Как только мы начинаем анализировать его более подробно, мы видим, что даже его самое распространенное и обычное употребление скрывает в себе массу ловушек и парадоксов. То, что выделяет голос в обширном океане звуков и шумов, что определяет особенность голоса в бесконечной гамме акустических явлений, – это его интимная связь со смыслом. Голос – это что-то, что обозначает смысл, как будто бы в нем находился некий указатель, вызывающий ожидание значения, голос является вступлением к значению. Мы, безусловно, можем придать значение любому виду звуков, но «сами по себе», независимо от нашей атрибуции, они кажутся лишенными последнего, тогда как голос находится в глубинной связи со смыслом; это звук, который кажется сам по себе наделенным желанием «что-то сказать», собственной интенциональностью. Мы можем производить массу всевозможных звуков с намерением что-то обозначить, но намерение будет внешним по отношению к этим звукам как таковым, или же последние будут функционировать как заместители, как метафорические заменители голоса. Один только голос подразумевает в себе субъ-ективность, которая «выражает себя» и сама по себе обитает в средствах выражения[72]

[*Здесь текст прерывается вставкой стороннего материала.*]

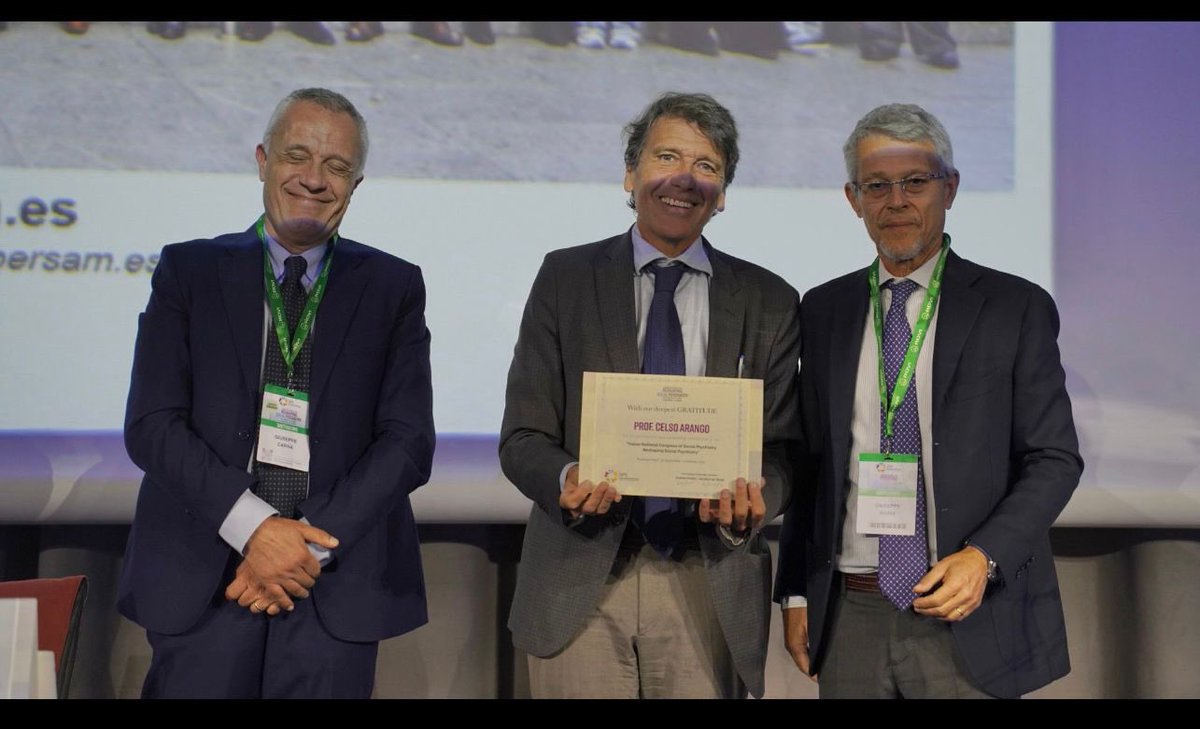 CALDirector's tweet image. A real pleasure to be a plenary speker for the Italian Society of Social Psychiatry  #SIPS. Always nice to spend time with my italian friends! Thanks @ProfFiorillo and all.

. Но если голос является квазиестественным носителем смыслообразования, то он также проявляет себя и как странно не поддающийся смыслу. Если мы говорим, чтобы обозначить, передать смысл, то голос – это материальное обеспечение смысловыражения, даже если он сам как таковой не делает в него никакого вклада. Он скорее выступает в качестве исчезающего посредника (если заимствовать термин, ставший известным благодаря Фредрику Джеймисону в другом контексте), делая высказывание возможным и исчезая в нем, растворившись в произведенном смысле. Даже на самом банальном уровне повседневного опыта, когда мы слушаем, как кто-то говорит, вначале мы можем прекрасно осознавать его голос и его специфические качества, его тембр и акцент, но мы к ним очень быстро привыкаем и сосредотачиваемся уже только на выражаемом смысле. Голос как таковой – как лестница Витгенштейна, которую мы должны отбросить, как только нам удалось забраться наверх, то есть когда мы смогли завершить наше восхождение на вершину смысла. Голос – это орудие, проводник, средство, а смысл – цель. Последнее рождает спонтанное противопоставление, согласно которому голос возникает как материальная противоположность идеальности смысла. Идеальность смысла может проявиться лишь посредством материальности средств, но сами средства не вносят своего вклада в смысл.Так, мы можем предложить условное определение голоса (в его лингвистическом аспекте): это то, что не содействует реализации значения[73]
. Это материальный элемент, сопротивляющийся значению, и если мы говорим в целях что-то сказать, то голос – это именно то, что не может быть высказано. Именно здесь, в самом акте речи, он не поддается никакому определению, до такой степени, что мы даже можем утверждать, что он является нелингвистическим, внелингвистическим элементом, делающим возможным феномен речи, при этом голос как таковой не может быть выделен лингвистикой. Если говорить о существовании потенциальной телеологии голоса, то последняя должна скрывать карлика теологии внутри себя, так же как в параболе Беньямина. Блаженный Августин предложил на этот счет достаточно привлекательную теологическую интерпретацию. В одной из своих известных проповедей (№ 288) он делает следующее утверждение: Иоанн Креститель – это голос, а Иисус – это слово, логос. И правда, эта идея, кажется, текстуально следует началу Евангелия от Иоанна: в начале было Слово, но, чтобы Слово могло проявить себя, нужен посредник, предшественник в облике Иоанна Крестителя, который, в частности, определял себя как vox clamantis in deserto, голос вопиющего в пустыне[74], тогда как Иисус в этой парадигматической оппозиции ассоциируется со Словом, verbum, logos.